Abstract: Are there new sources of finance which Third World countries can tap to pay for Health for All? Is there anything valuable to be learnt in this respect from the experience of countries which are now developed? Countries have drifted into different ways of paying for health services, often without foreseeing the long run consequences. In many Third World countries the financing of services has been strongly influenced by their colonial past. This explains why many of them attempt to provide wholly free services and provide privileged services not only to the armed forces but to public servants as well. Introducing charges is one way of securing more revenue. It is noticeable that in some countries which were never colonized, there is a greater willingness to use charging and that this stimulates the growth of informal systems of voluntary health insurance.
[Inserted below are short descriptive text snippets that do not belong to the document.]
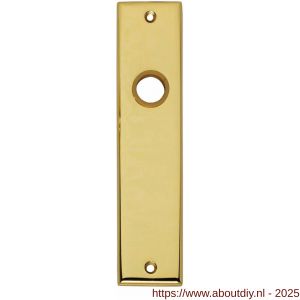Intersteel 2568 renovatie kortschild rechthoekig 181x41x7 mm blind messing gelakt - A26002823 - afbeelding 1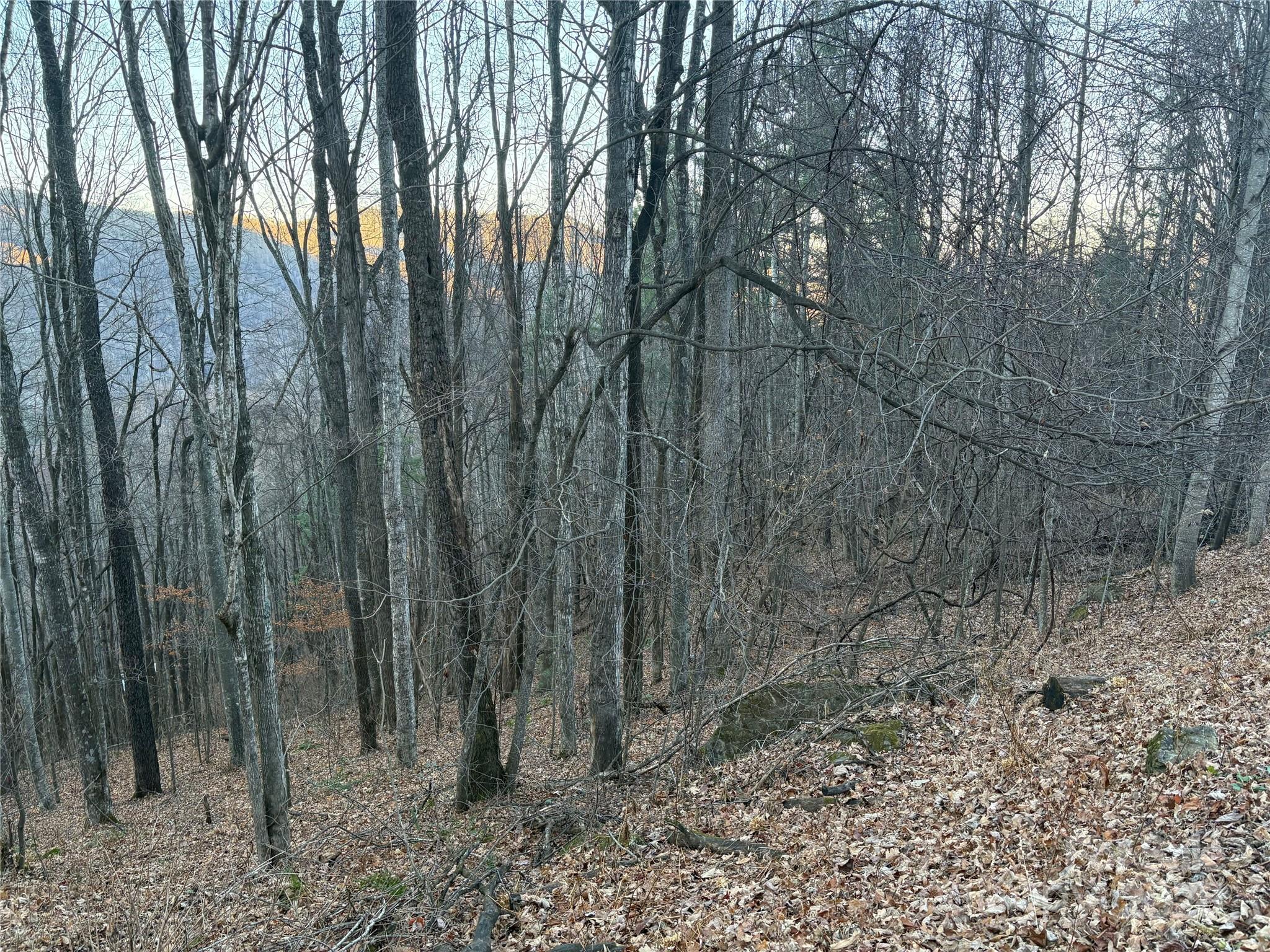 0 Slippery Rock Road, Unit 306 & 307 Waynesville, NC 28785 - Photo 14 of 25 a view of a forest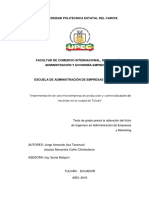 341 Implentación de Una Microempresa de Producción y Comercialización de Mochilas en La Ciudad de Tulcán PDF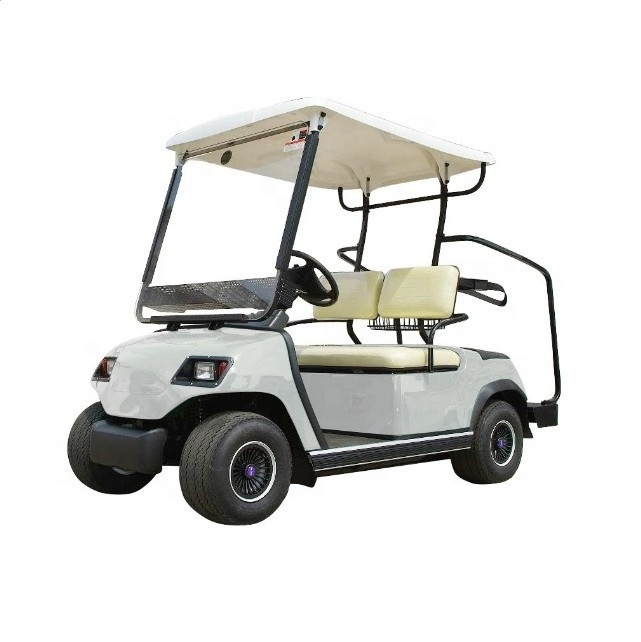 Cheap Price 2 Seats Golf Cart Golf Shuttle Golf Buggy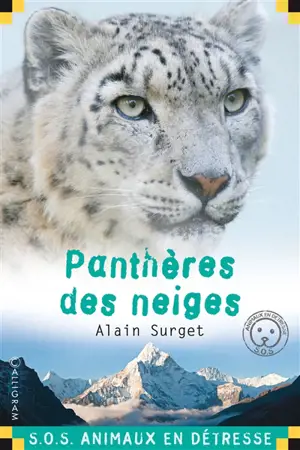 Panthère des neiges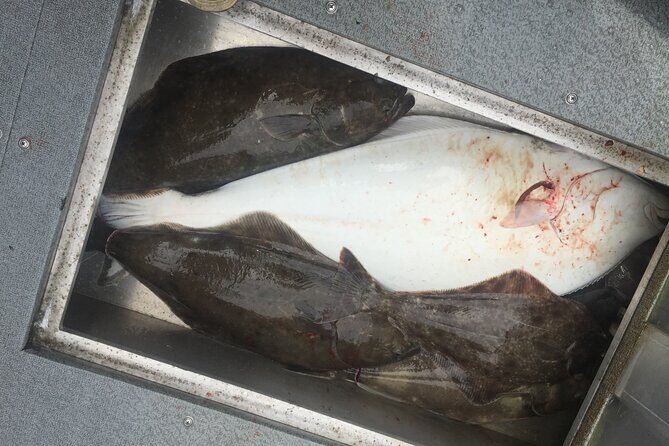Half Day Halibut Fishing - FAQs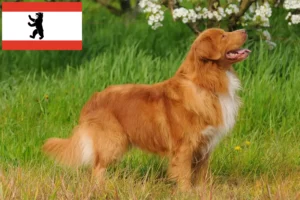 Read more about the article Nova Scotia Duck Tolling Retriever Züchter und Welpen in Berlin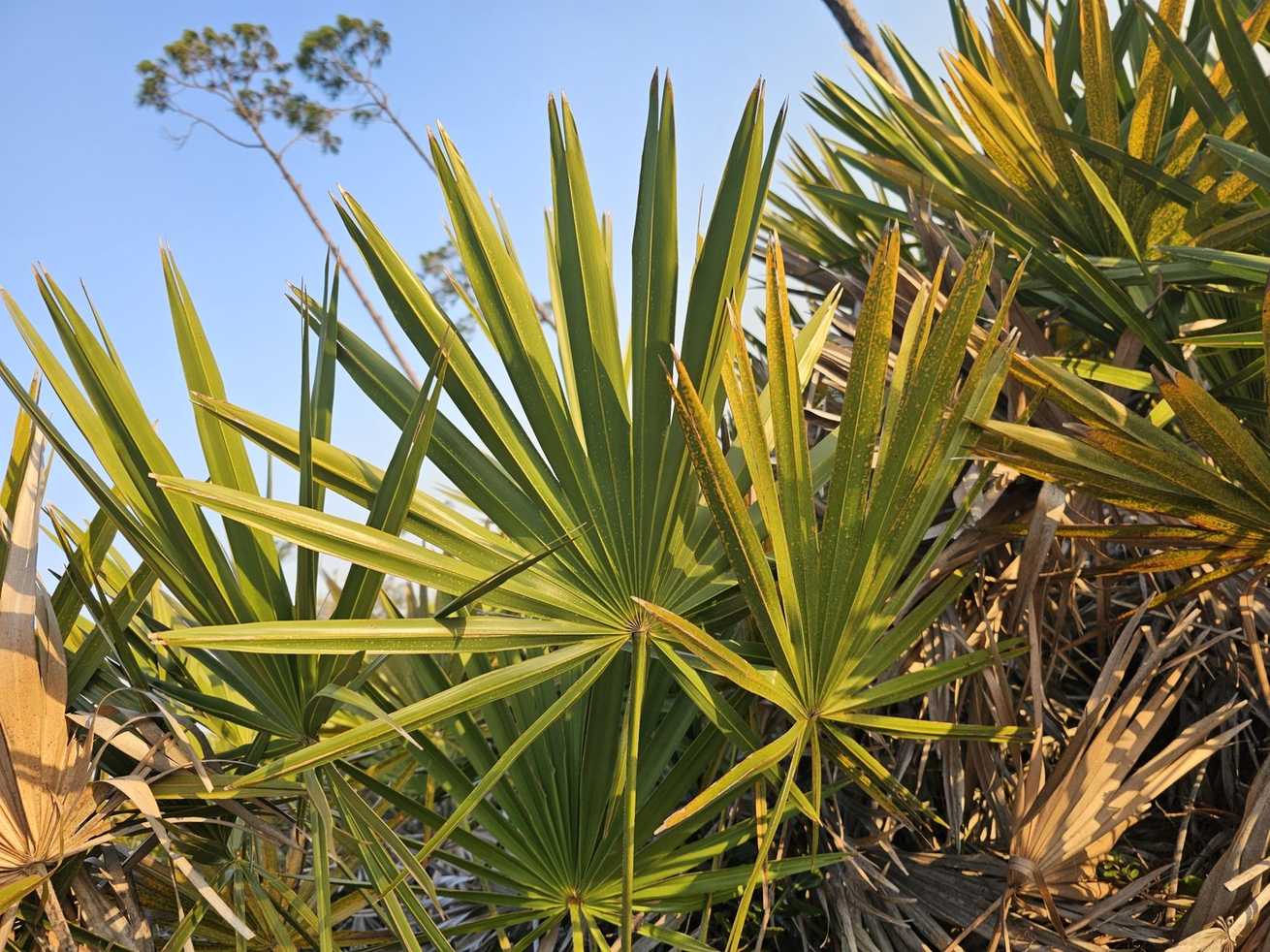 Serenoa repens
While many developed countries have made a transition from health insurance to universal services while retaining a considerable element of contributions from employers and employees, it is more difficult in political terms to introduce contributions unless those who contribute get something specific for them. The problem for developing countries contemplating the introduction of compulsory health insurance is to design systems which avoid all the problems which have manifested themselves in Europe, North America and on a wider scale in Latin America. These problems include the escalation of costs, failure to collect contributions due, the provision of 'paper' rights, bureaucratic obstacles to receiving care, different funds with varying rights, wholly separated services for insured persons, the bias to urban curative services and the separation of curative from preventive services. World experience suggests that services provided under compulsory health insurance need to be closely coordinated with governmental services and the policy governing them should be kept under the close supervision of Ministers of Health.